According to the audit report whose conclusions were disclosed at a press conference in Bangalore on May 24, a majority of government elementaries (primaries and upper primaries) surveyed lack drinking water facilities while their toilets are in unusable condition with no separate facilities for girl students. Most of the schools surveyed don’t offer playgrounds or library. The computers provided by the state government for ICT-in-education were locked up and “dumped in a room and filled with dust”, and the quality of the mid-day meal is poor. Shockingly, the audit conducted by SICHREM personnel who visited the schools twice weekly over three months (January-March), reveals that “children are being used to clean toilets, carry and wash mid-day meal utensils. No Group-D ayah (helper) has been appointed despite government circulars available relating to appointment of ayahs in primary schools… Teachers are using children especially girls, to do domestic work”.
The audit also found that even though 2,335 children from the 47 schools surveyed were eligible to receive government scholarships (Rs.250 per student per year) earmarked for scheduled castes (SC)/scheduled tribes (ST), none of them had been awarded because parents couldn’t furnish ‘caste certificates’. Parents alleged that state government officials demanded bribes of Rs.500-1,000 — amounts much higher than the value of the scholarship — for issue of the certificates.
“Though we expected shortcomings, the poor condition of government and municipal schools exceeded our worst fears. Because of this, little teaching-learning happens in the classroom. If this is the situation in the state’s capital, I hate to think what it must be like in rural Karnataka. The provisions of the RTE Act are being blatantly violated by the state government in its own schools. NCPCR will be submitting a full report demanding an explanation and immediate remedial action,” says Gangadhra Reddy N, the Bangalore-based district coordinator — Social Audit (RTE) of SICHREM.
While the RTE Act invests the power to withdraw the all-important ‘recognition’ status and levy a fine of upto Rs.10,000 per day for contravention by private schools in government officials, it exempts government school managements from any legal accountability for failure to implement the Act. Little wonder that ever since the Karnataka state government notified the state’s Rules for the RTE Act on April 28, its education department has been busy shooting off circulars to private schools to admit 25 percent poor children from their neighbourhood starting from this academic year in June. Meanwhile the state’s block education officers, emboldened by the wide discretionary powers vested in them by the Rules, have been unusually busy asking parents to submit quota admission applications to their offices which they will in turn forward to private schools, which have been threatened “with action” if the applications are rejected.

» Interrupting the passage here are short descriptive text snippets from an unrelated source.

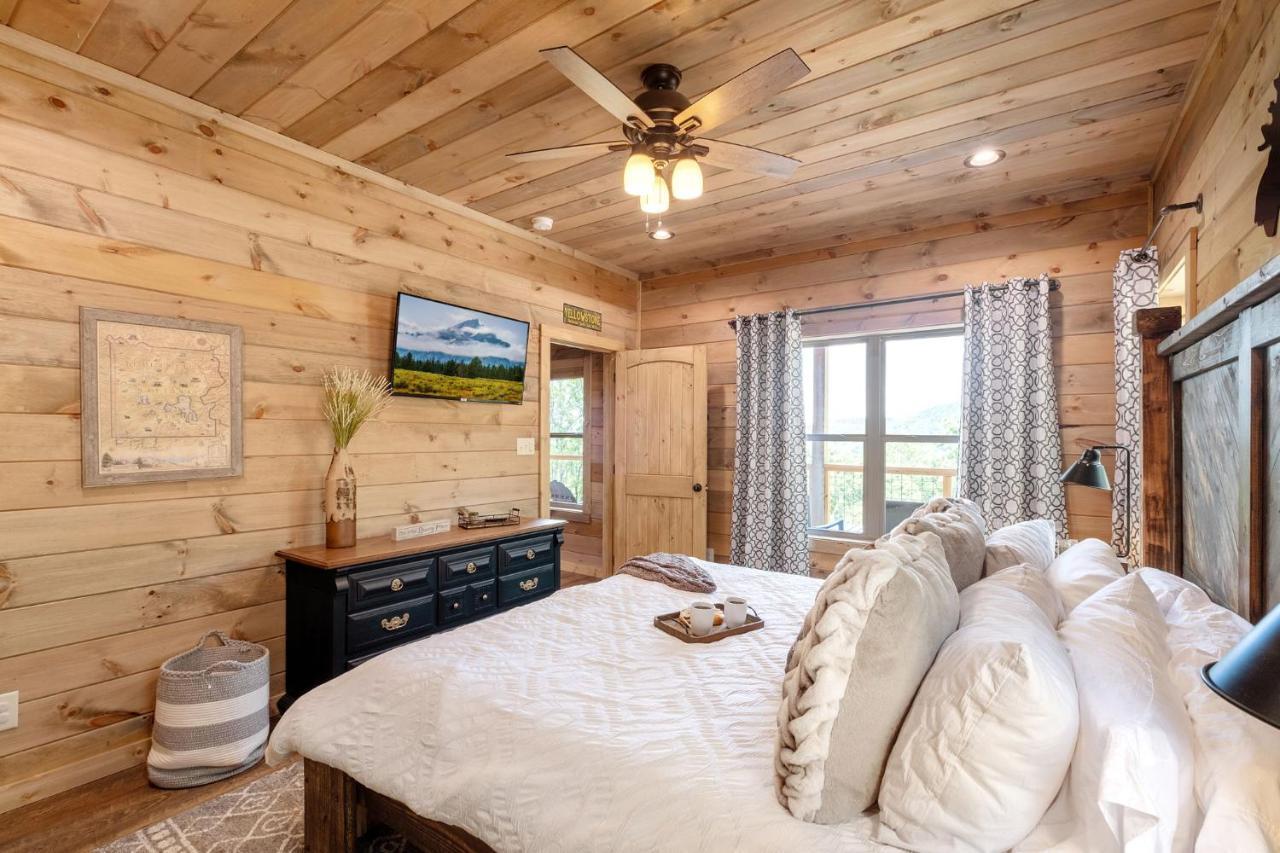 New / 3 King Suites / Sleeps12 / View / 5 Mi To Pf / Hot Tub Sevierville Exterior photo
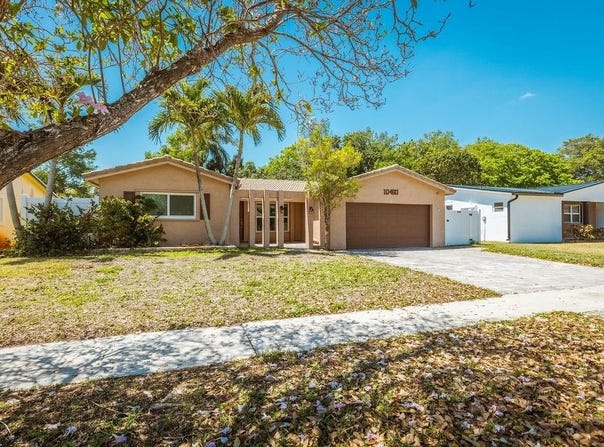 10460 NW 2nd Ct, Plantation, FL 33324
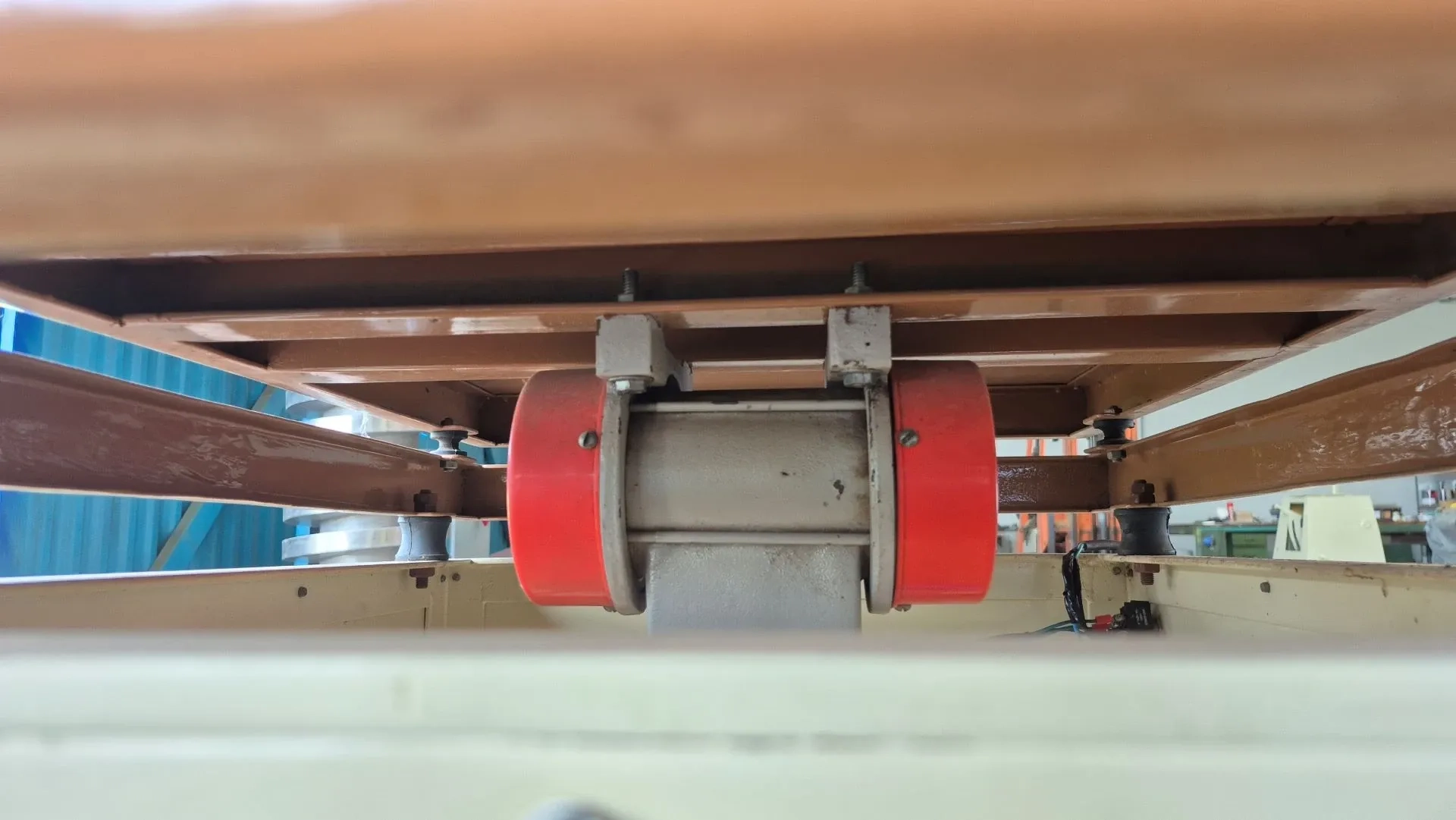 mesa-vibratoria-para-formas-de-chocolate-1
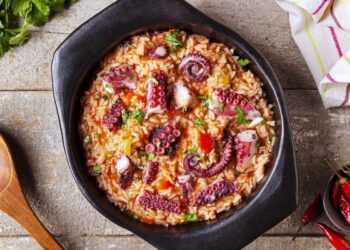 Aprenda os truques para um arroz de polvo malandrinho: polvo tenro, arroz carolino no ponto certo e caldo rico, ligado e cheio de sabor.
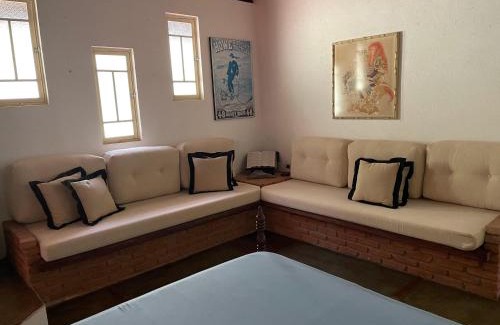 Piqueri Casa | Casinha bem localizada em meio a natureza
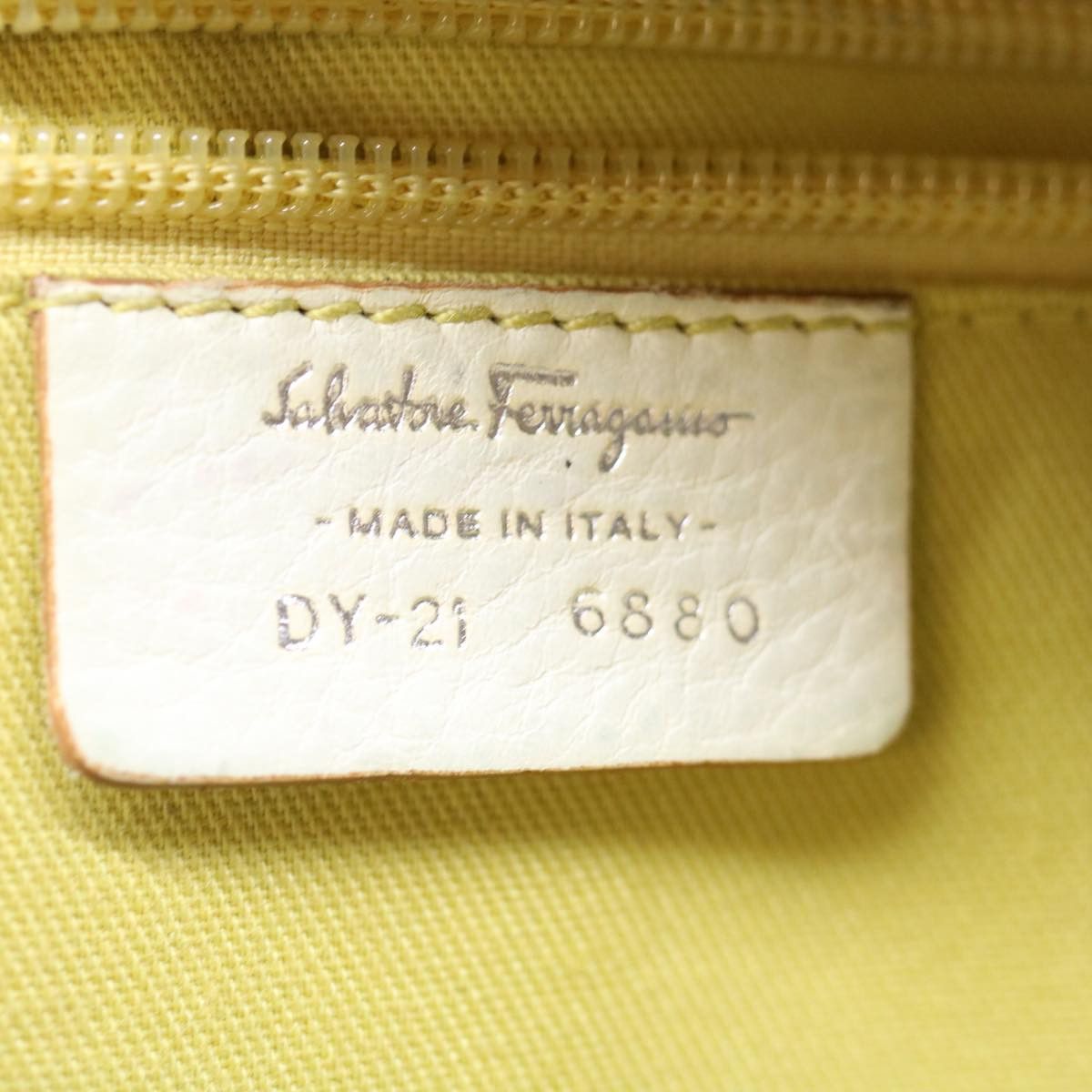 Salvatore Ferragamo Gancio White Leather Shoulder Bag (Pre-Owned) Size ONE SIZE - 6 Thumbnail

“The SICHREM social audit on implementation of the RTE Act in government schools in Bangalore is just the tip of the iceberg; the rot has spread wide and deep in government schools. But since the RTE Act does not mandate any punitive provisions and accountability for government schools, I don’t believe infrastructure and academic standards in these schools will ever improve. The Act will be used by education officials to harass and shake down private school managements,” says a principal of a well-known private school in Bangalore, speaking on condition of anonymity.
However, Prof. A.S. Seetharamu, former professor of education at ISEC (Institute for Social & Economic Change), Bangalore and education advisor to the Karnataka government, believes the state government is serious about implementation of the RTE Act in all — including government — schools, and has prepared a detailed action plan. “The state government is committed to implementation of the RTE Act in all schools. Every government school will be asked to prepare a School Development Plan detailing infrastructure, teacher and curriculum needs. These plans will be implemented to fully comply with provisions of the RTE Act. There will also be external as well as internal audits of government schools to ensure compliance. While I agree the government needs to implement these plans effectively and quickly on the ground, it can’t escape the RTE Act. It’s upto civil society and NGOs to ensure implementation of the RTE Act and improvement of standards in government schools,” says Seetharamu.
But as the NCPCR-SICHREM audit has shown, the rot in public primary education is deep. It requires more than band-aid solutions.